Currently, all NIC related interrupt are handled by CPU0 (P7629).
NIC is currently configured with 1 TX and 4 RX queues, with a hardware max of 4 queues:
gehel@wdqs2003:~$ sudo ethtool -l eno1 Channel parameters for eno1: Pre-set maximums: RX: 4 TX: 4 Other: 0 Combined: 0 Current hardware settings: RX: 4 TX: 1 Other: 0 Combined: 0
With IRQ 79 (en1-rx-1), it looks like affinity is configured to spread IRQ to all CPUs in NUMA node 0.
gehel@wdqs2003:/proc/irq/79$ cat smp_affinity 00ff00ff gehel@wdqs2003:/proc/irq/79$ cat smp_affinity_list 0-7,16-23 gehel@wdqs2003:/proc/irq/79$ cat affinity_hint 00000000
My understanding of the various documentations I see is that the smp_affinity above should be sufficient to spread the IRQs.
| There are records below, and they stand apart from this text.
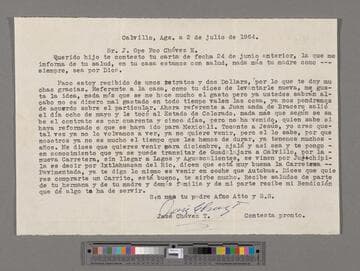 Letter from José Chávez Torres (Calvillo, Aguascalientes) to Paco Chávez Esparza (San José, California)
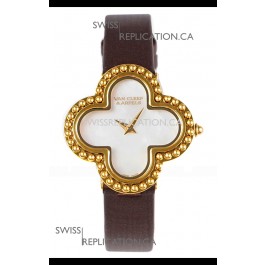 Van Cleef & Arpels Alhambra Yellow Gold Brown Strap Watch 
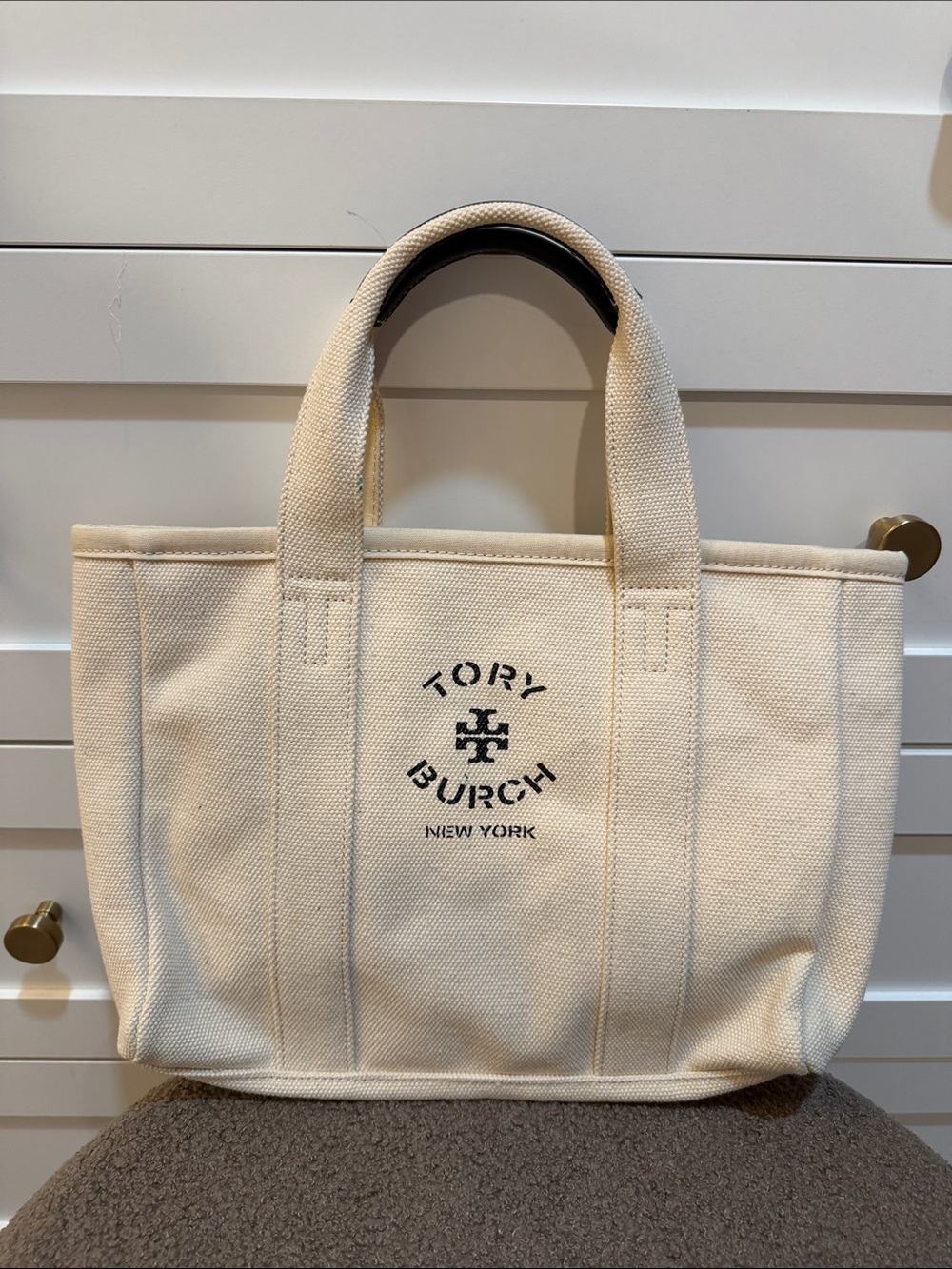 Tory Burch Cream Canvas Logo Tote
This does not match what I'm seeing, so I'm probably missing something.
@BBlack: a review of the above and any pointer to the right direction would be welcomed!
With some trial an error, it looks like the smp_affinity = 00ff00ff would allow the IRQ to be managed by any CPU, but it is still managed by the first one (in this case, any == CPU0). Setting each IRQ on a specific CPU (and one only) will spread them. It looks like puppet interface::rps is setting this up, but it is also setting up a few other things. Time to read some more.